Selasa, 10 Mei 2016

ANALISIS STILISTIKA DALAM CERPEN

TUGAS MAKALAH
ANALISIS STILISTIKA DALAM CERPEN “KAMBOJA DI ATAS NISAN” KARYA HERMAN R N


Disusun Untuk Memenuhi Nilai Tugas Mata Kuliah Stilistika
Dosen Pengambu Okta Rina Puspita W, M.Pd.




disusun oleh
Siti Amirin Durotul Inaroh
(34101300126)





PROGRAM STUDI PENDIDIKAN BAHASA DAN SASTRA INDONESIA
FAKULTAS KEGURUAN DAN ILMU PENDIDIKAN
UNIVERSITAS ISLAM SULTAN AGUNG
2015


ANALISIS STILISTIKA DALAM CERPEN “KAMBOJA DI ATAS NISAN” KARYA HERMAN R N
Oleh Siti Amirin D I (34101300126)
                
                      

RINGKASAN

                                 
Peristiwa atau pengalaman yang dialami seseoarang seringkali diungkapkan dengan menggunakan cerpen untuk menyampaikan perasaan dan menjelaskan suatu peristiwa yang dialami atau yang dilihatnya.
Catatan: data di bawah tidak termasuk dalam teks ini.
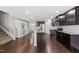 Open-concept kitchen with dark wood cabinets, granite countertops, and stainless steel appliances at 2412 Averon Dr, Fuquay Varina, NC 27526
Sebagai wacana sastra prosa, konteks penyampaian makna dari sebuah cerpen selalu disampaikan dengan gaya bahasa. Berbagai gaya bahasa digunkan guna menampilkan keindahan dalam sebuah cerpen. Karena setiap kata-kata yang tertuang di dalam cerpen terkadang telah mampu menunjukkan makna yang disampaikan.
Pendekatan yang tepat untuk digunakan dalam menganalisis cerpen karya Herman R N ini yaitu pendekatan stilistika, yang membahas tmengenai gaya bahasa dalam sebuah karya sastra prosa yang dalam hal ini fokus pembahasannya adalah pada hasil analisis cerpen “Kamboja di Atas Nisan” karya Herman R N dengan pendekatan stilistika.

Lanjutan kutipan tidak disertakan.